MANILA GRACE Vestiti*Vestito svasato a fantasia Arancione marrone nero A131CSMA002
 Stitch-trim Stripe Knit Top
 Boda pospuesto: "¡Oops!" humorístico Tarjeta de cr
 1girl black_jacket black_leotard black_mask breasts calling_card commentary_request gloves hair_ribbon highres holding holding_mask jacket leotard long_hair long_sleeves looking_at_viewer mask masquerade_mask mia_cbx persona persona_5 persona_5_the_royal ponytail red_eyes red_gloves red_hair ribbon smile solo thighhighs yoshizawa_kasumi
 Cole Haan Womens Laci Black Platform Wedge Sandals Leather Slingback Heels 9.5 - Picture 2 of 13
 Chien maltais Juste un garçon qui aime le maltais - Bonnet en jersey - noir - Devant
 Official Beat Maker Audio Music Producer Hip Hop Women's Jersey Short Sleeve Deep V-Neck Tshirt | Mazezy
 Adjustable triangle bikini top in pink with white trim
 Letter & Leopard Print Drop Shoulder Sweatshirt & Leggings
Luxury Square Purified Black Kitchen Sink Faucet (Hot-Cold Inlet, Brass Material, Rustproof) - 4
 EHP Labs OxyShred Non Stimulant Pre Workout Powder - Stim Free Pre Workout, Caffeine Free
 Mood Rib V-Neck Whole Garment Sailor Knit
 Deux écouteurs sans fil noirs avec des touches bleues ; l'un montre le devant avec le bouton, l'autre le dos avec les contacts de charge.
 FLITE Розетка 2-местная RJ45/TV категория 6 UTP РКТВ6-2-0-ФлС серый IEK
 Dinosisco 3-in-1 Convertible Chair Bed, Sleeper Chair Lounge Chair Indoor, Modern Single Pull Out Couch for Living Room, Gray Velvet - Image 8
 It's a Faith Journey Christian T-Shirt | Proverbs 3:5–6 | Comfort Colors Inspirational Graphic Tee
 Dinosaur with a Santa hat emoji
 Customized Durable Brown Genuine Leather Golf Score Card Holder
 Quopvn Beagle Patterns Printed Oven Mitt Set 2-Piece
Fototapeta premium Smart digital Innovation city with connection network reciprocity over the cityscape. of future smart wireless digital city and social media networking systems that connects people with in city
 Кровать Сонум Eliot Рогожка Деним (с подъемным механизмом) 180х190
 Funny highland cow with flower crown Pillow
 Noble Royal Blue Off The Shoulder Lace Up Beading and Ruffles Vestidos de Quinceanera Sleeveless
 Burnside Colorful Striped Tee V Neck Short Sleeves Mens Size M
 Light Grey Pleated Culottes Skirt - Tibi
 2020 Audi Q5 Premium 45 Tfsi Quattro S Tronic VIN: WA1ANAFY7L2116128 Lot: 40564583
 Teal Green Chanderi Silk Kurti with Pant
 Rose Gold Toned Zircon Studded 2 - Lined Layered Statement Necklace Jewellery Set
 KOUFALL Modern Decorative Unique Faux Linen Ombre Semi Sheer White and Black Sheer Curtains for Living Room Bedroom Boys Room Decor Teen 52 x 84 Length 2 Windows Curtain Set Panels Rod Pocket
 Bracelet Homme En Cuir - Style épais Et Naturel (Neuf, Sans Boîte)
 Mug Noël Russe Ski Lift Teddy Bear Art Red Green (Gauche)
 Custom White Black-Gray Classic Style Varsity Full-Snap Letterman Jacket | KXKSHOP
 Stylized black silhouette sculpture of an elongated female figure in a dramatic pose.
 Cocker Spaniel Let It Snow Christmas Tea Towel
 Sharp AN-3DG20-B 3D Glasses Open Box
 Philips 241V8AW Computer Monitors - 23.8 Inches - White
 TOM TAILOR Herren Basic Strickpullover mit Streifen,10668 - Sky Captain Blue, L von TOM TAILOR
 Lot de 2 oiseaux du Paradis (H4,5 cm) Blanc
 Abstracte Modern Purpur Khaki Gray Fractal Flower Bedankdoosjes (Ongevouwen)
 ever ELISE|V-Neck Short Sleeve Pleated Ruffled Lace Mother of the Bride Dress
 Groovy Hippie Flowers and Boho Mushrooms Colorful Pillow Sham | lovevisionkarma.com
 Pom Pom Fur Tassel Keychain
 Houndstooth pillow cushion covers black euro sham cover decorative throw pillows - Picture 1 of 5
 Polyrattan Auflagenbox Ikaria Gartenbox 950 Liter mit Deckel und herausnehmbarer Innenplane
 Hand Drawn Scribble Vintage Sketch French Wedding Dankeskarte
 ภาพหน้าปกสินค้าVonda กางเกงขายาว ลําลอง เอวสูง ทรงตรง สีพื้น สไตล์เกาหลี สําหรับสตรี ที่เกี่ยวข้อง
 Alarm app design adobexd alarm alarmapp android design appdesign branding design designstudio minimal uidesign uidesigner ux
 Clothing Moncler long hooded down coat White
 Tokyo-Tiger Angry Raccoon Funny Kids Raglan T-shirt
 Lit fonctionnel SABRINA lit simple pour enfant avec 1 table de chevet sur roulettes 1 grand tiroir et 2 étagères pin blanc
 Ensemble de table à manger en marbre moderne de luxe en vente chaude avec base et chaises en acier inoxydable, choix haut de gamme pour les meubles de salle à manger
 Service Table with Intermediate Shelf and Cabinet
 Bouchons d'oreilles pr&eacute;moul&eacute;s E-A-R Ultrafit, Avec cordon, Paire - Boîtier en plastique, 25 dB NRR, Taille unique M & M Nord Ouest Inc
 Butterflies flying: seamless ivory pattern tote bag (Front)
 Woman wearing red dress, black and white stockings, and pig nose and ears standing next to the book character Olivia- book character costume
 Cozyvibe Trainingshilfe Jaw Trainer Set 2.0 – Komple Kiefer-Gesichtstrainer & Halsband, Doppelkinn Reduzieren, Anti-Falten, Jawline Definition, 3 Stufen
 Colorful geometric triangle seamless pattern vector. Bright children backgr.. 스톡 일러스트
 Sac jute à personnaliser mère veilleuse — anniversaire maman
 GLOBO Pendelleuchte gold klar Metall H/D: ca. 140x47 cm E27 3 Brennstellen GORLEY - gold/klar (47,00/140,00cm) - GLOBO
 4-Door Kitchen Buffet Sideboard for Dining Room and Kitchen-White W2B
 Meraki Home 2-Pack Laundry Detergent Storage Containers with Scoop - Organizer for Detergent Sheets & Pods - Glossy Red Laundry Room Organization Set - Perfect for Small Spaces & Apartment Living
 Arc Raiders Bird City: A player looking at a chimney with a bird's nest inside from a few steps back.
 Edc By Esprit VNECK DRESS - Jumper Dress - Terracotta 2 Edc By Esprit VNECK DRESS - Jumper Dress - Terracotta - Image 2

----------

■ **Task**:
Set down each line exactly as it appears, starting at the top of the data and ending at the line containing "Tarjeta de cr", and include no other lines.

■ **Exercise result**:
MANILA GRACE Vestiti*Vestito svasato a fantasia Arancione marrone nero A131CSMA002
 Stitch-trim Stripe Knit Top
 Boda pospuesto: "¡Oops!" humorístico Tarjeta de cr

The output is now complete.